• LISTED ENTRIES:
==========

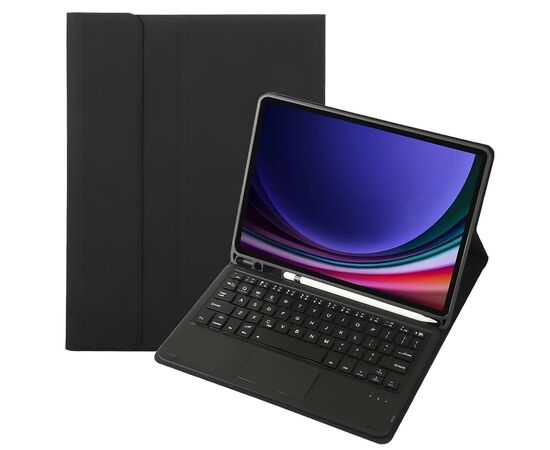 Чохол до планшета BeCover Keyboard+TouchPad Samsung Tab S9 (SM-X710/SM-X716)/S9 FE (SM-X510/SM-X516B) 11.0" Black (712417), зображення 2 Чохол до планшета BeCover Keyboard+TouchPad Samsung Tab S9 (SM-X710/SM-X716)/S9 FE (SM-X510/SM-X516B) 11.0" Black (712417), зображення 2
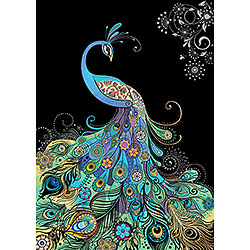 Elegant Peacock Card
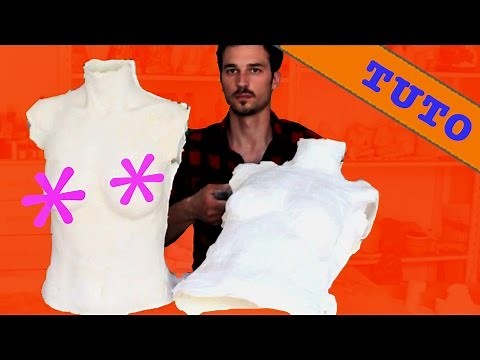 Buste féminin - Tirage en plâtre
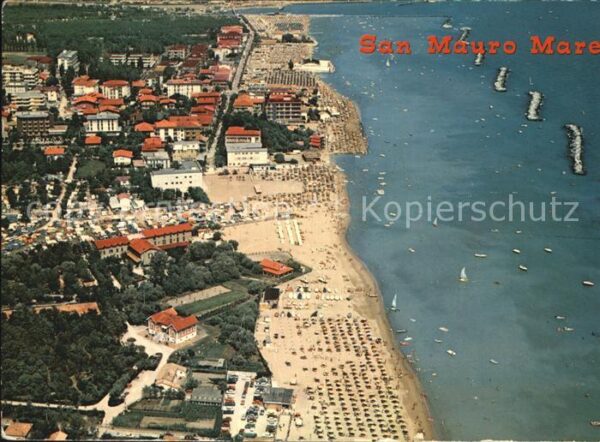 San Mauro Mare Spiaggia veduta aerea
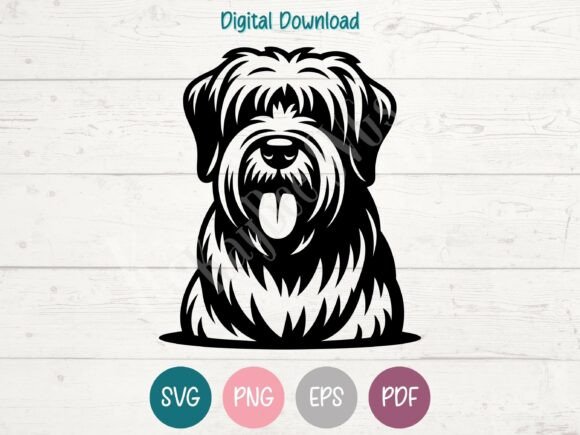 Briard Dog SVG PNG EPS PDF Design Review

==========

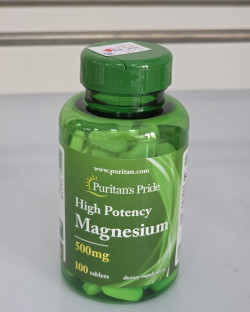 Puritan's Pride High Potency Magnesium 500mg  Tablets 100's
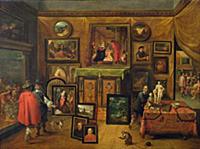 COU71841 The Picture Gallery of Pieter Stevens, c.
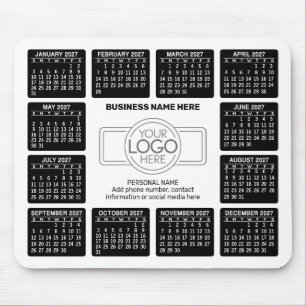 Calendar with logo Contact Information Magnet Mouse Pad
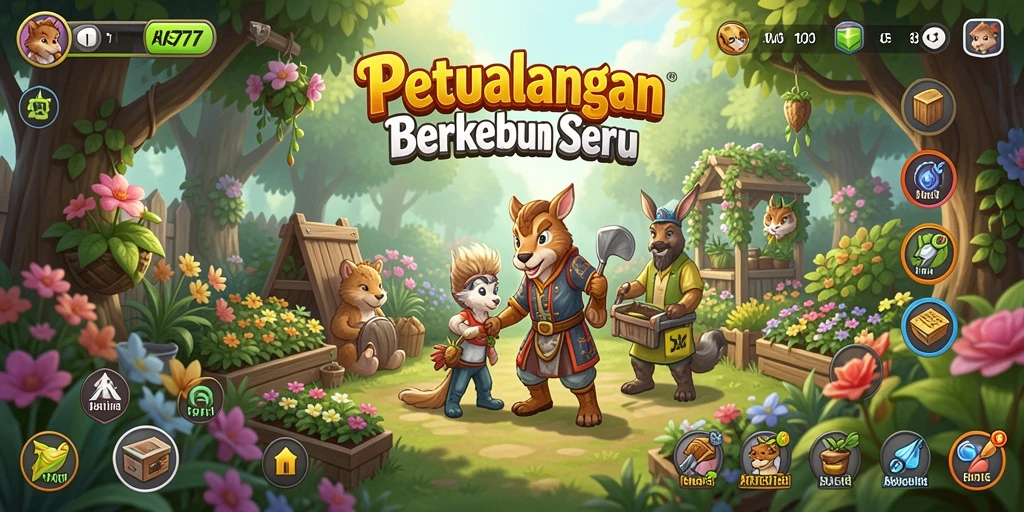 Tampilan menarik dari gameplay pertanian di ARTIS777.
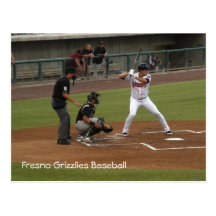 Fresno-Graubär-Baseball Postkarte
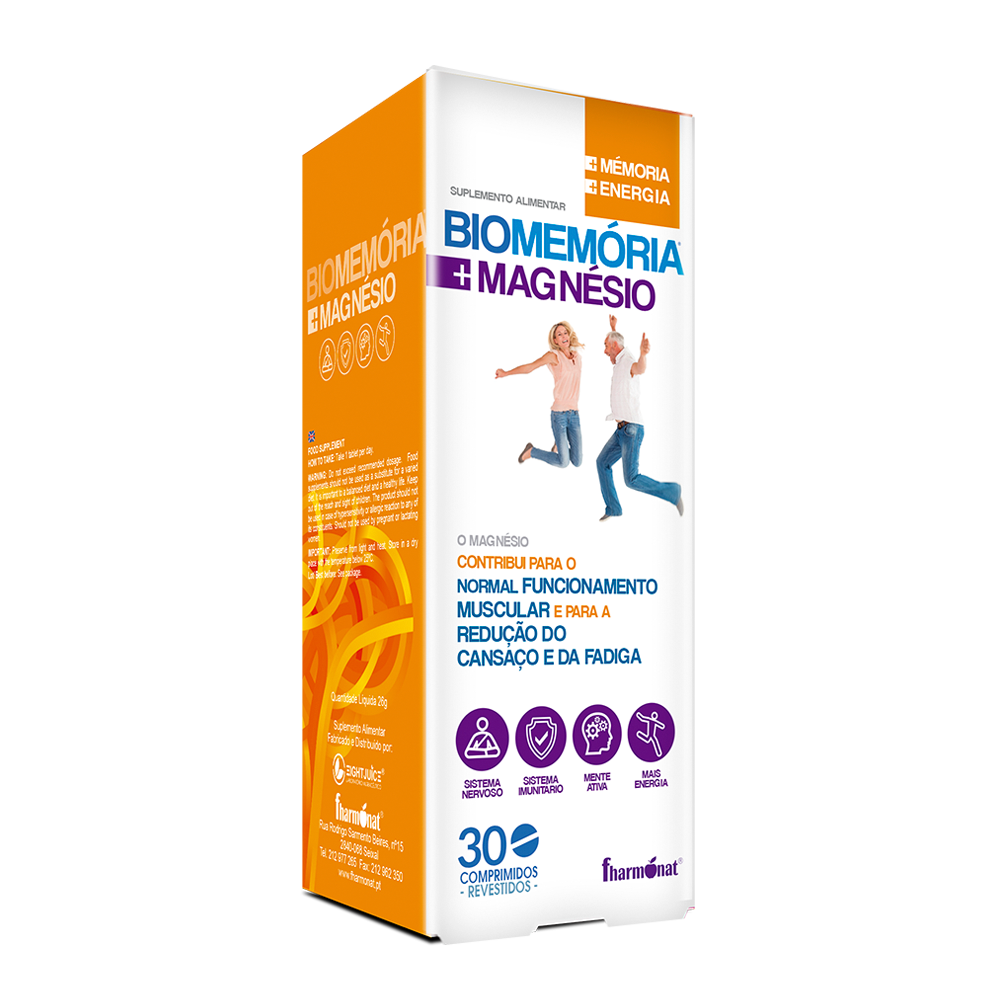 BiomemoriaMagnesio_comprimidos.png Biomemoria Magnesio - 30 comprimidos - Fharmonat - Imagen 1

==========

• THE PROBLEM: Take the material above from the line bearing "зображення 2 Чохол" through the line bearing "Briard Dog SVG PNG EPS PDF Design Review" and write it out exactly, both end lines included. Pictures stay out.

• SOLUTION FOR THIS EXERCISE:
 Чохол до планшета BeCover Keyboard+TouchPad Samsung Tab S9 (SM-X710/SM-X716)/S9 FE (SM-X510/SM-X516B) 11.0" Black (712417), зображення 2 Чохол до планшета BeCover Keyboard+TouchPad Samsung Tab S9 (SM-X710/SM-X716)/S9 FE (SM-X510/SM-X516B) 11.0" Black (712417), зображення 2
 Elegant Peacock Card
 Buste féminin - Tirage en plâtre
 San Mauro Mare Spiaggia veduta aerea
 Briard Dog SVG PNG EPS PDF Design Review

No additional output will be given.